The Securities and Exchange Board of India (SEBI) has asked mutual fund houses not to participate in pre-IPO placements. This move is taken to protect retail investors and ensure regulatory compliance.
SEBI issued a letter to the Association of Mutual Funds in India (AMFI) on Friday, which was also reviewed by The Economic Times, stating, mutual fund houses can no longer acquire equity shares before their initial public offering. However, they would be allowed to invest in IPOs through the anchor investor portion (that which opens a day before the public issue date) or as a part of the public issue itself.
According to The Economic Times, SEBI cited Clause 11 of the Seventh Schedule of the SEBI (Mutual Funds) Regulations, 1996, which says that “All investments by mutual fund schemes in equity shares and equity-related instruments must be made only in securities that are listed or to be listed.”

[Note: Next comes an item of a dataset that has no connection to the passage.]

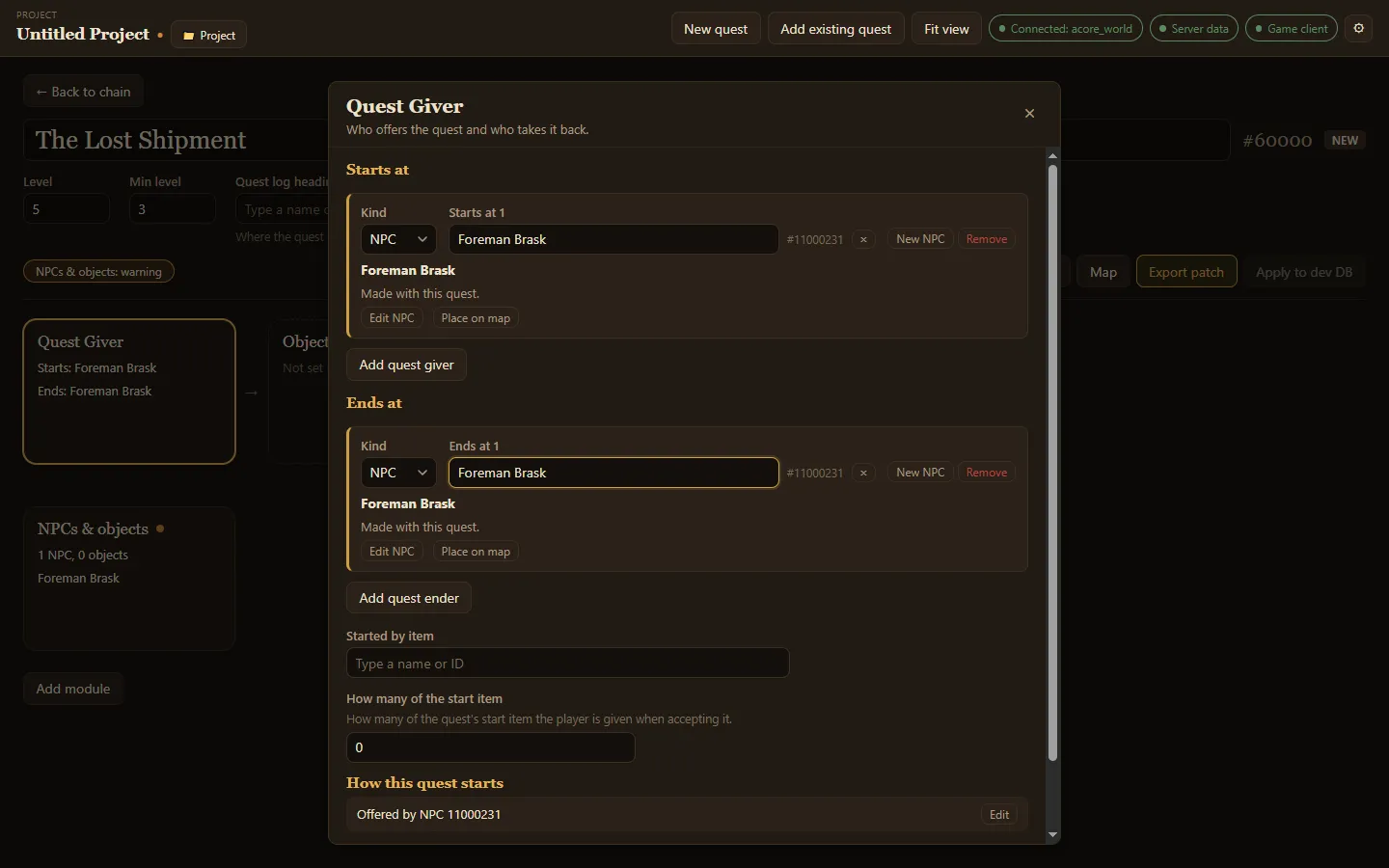 The Quest Giver editor with a new NPC as the quest’s starter and ender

This prohibition would ensure that mutual fund unit holders would not be able to get a view of the liquidity and valuation risks of unlisted securities.

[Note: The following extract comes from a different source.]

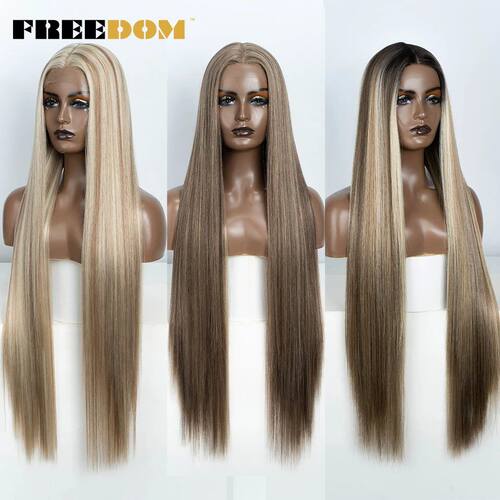 FREEDOM Straight Synthetic Lace Front Wig For Women 38 Inch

Impact on fund houses and the market
This decision by the market regulatory body (SEBI) has shaken the grounds of the asset management industry. Previously, some fund managers applied the strategy of getting the benefit of the pre-IPO placements to generate excess returns. They often booked humongous gains for their scheme by stepping in at a discounted valuation before the public offering.
SEBI’s initial concern is the risk that is involved with IPOs, which may be delayed or cancelled. Pre-IPO placements happen months before a company files its draft prospectus. The market regulator announced that if an initial public offering fails to materialise after a mutual fund has already invested, then the fund scheme will end up holding unlisted shares.
This move taken by SEBI is being viewed as an important step to strengthen investor protection and ensure that mutual funds that manage public money align with their mandate of investing in liquid, listed securities.